When that scale in event doesn't occur, you end up wasting money on resources you don't need. Based on studies from Platform9 and Datadog, Kubernetes is one of the most wasteful services in the cloud today. Platform9 quotes average EKS utilization at 30% and Datadog say that 45% of containers are using 30% or less of their requested memory. As a former VMware admin, I can definitely concur that people always request way more memory than they actually need for their workload.
And that is a totally understandable desire, to ask for the maximum amount of resources to guarantee your application will function properly. Maybe you think you only need 4GB and 2vCPUS, but what if you need more? Getting more resources is going to be a helpdesk ticket and a change window. Better to request worst-case-scenario numbers from the get go and be able to sleep easy at night.
There are two different problems to be solved here: bin packing and overallocated memory. In my VMware days, you could try oversubscribing your hosts and letting DRS moving VMs around. But that was on-premises, where you couldn't elastically scale your hardware. If you suddenly need more capacity, you were SOL. Cloud removes that restriction.
Platform9 is trying to solve the both the bin packing and memory allocation problems with their new Elastic Machine Pooling (EMP) offering for EKS.
What are these elastic machine pools? Platform9 provisions bare metal EC2 instances in AWS and creates VM nodes for your EKS cluster on the bare metal instances. They are bin packing your nodes and using memory oversubscription to reduce the number of EC2 instances you run. If utilization actually starts to approach provisioned resources, they will live migrate nodes to another bare metal instance to free up space.
It's a novel solution to a persistent problem. But it's also creating additional layers of complexity without solving the underlying issue of resource over-allocation. A problem driven by fear or ignorance by those provisioning workloads.
A developer's first priority is to deliver an application that works for end users and meets SLAs (at least it should be.) Underestimating resource requirements runs the risk of not having access to additional capacity if circumstances change. Developers often don't have visibility into resource costs or actual utilization.

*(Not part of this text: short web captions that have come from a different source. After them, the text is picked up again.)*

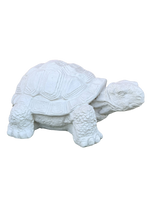 Tartaruga Cinese Media - Notaro Manufatti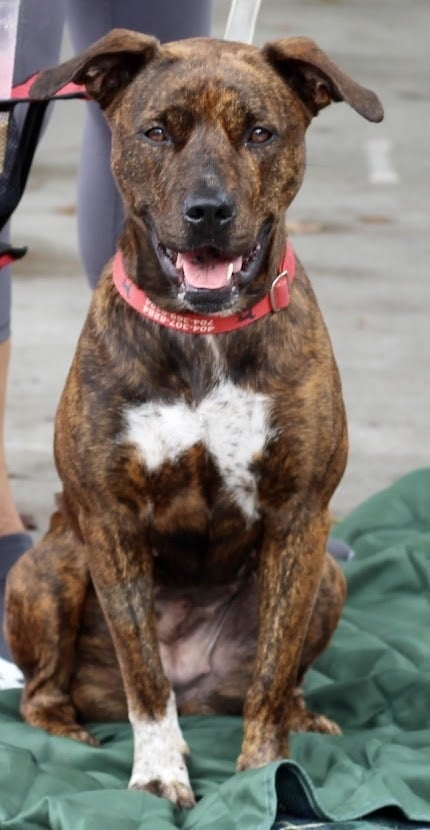 Bella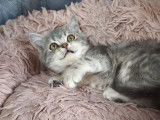 1 chaton mâle British Shorthair LOOF à vendre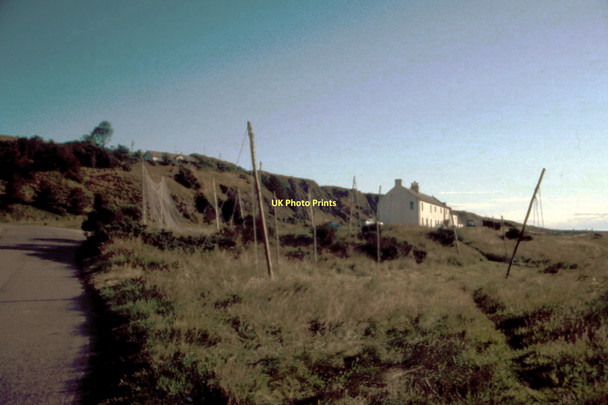 Photo 6"x4" St Cyrus National Nature Reserve - 1987 St Cyrus c1987 P1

EMP certainly has the potential to save organizations a lot of money, and that's a good thing! However, they could save even more money by right-sizing workloads and having reliable auto-scaling. I think Platform9 is a good stop-gap measure and could provide valuable information to close the feedback loop with developers.
In the long term, you should endeavor to fix the root issue and change the behavior of your application teams. It's tempting to try and "fix" a problem with a tool. People are difficult and apps are easy. Just don't forget that failing to address the root cause has a significant cost as well, one that is unlikely to shrink as your Kubernetes usage grows.
#cfd19
Chief Technology Advisor - The Futurum Group
9 个月One of the more passionate topics of the week. Who doesn’t want to save on cloud compute? The challenge is can you do it without challenging the developer to do the extra work to right size resources? Fascinating topic.
Ned Bellavance It was good to see you at Cloud Field Day. Your point about addressing the root cause and changing the behavior of application teams is well-taken. This is a cultural, process, and behavioral change and it takes a long time. In some companies, it may never get resolved. At Platform9, we see EMP as part of a larger strategy that includes educating teams and evolving practices over time. The feedback we gather from EMP’s usage will be instrumental in developing more refined and automated solutions that takes some of the burden away from developers. Thanks for your feedback.